Contra ira, paciencia. Ayer precisamente discutí de eso con un compañero de trabajo. Me animaba a ser en las clases un poco más iracundo, para que no se me subieran a las barbas. Pero en mí la iracundia surte unos efectos espantosos. Como no suelo cabrearme, cuando lo hago lo hago sin medida, echo sapos por la boca y esgrimo en las manos sendas teas incendiarias. Por eso casi nunca muestro mi ira, aunque me invada por dentro.
A mí me gusta mucho la ira del justo, el legítimo cabreo de quien no puede más con las injusticias de que se le hace objeto y acaba portándose igual o peor que el malo, como Sansón cuando mató a todos los filisteos derribando las columnas.
Siempre hay que intentar que el iracundo no se salga con la suya. El otro día me salió muy bien. Cierta persona de estilo iracundo, que consigue lo que quiere gritando y atropellando, me exigió de malas maneras algo que yo no tenía por qué darle. Le pregunté con la voz más mansa que pude (sí, confieso mi pecado: lo he leído en un manual de autoayuda, cuando aún tenía la ilusión de que yo podía cambiar): ¿Usted me está pidiendo un favor o me está dando una orden?

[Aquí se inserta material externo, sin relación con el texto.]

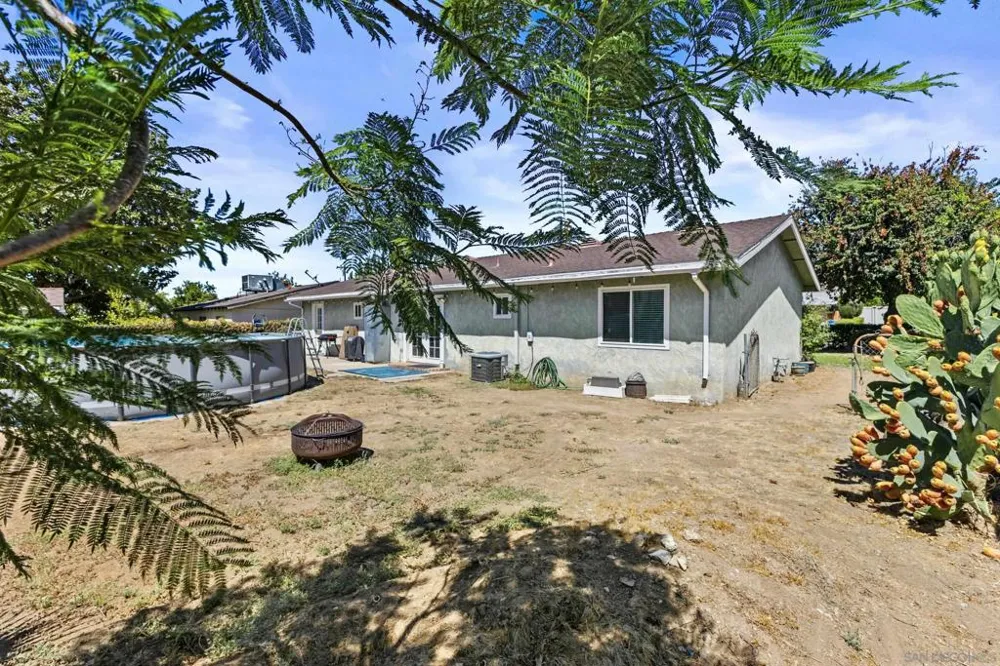 33837 Palm Yucaipa, CA 92399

Y, claro, me tuvo que pedir el favor.
2 comentarios:
Para mí, la ira es de los pecados más improductivos. Además de ser un pecado y, por tanto, nada beneficioso, además es perjudicial. La ira nos puede llevar a perder la razón, aunque ya la tengamos, o aún más evidente, nos llevamos un mal rato.
Mantener la compostura en momentos de tensión es un don muy, muy escaso.
Me ha gustado eso de que la ira nos hace perder la razón aunque ya la tengamos. Es la mejor definición de ira que se me ocurre.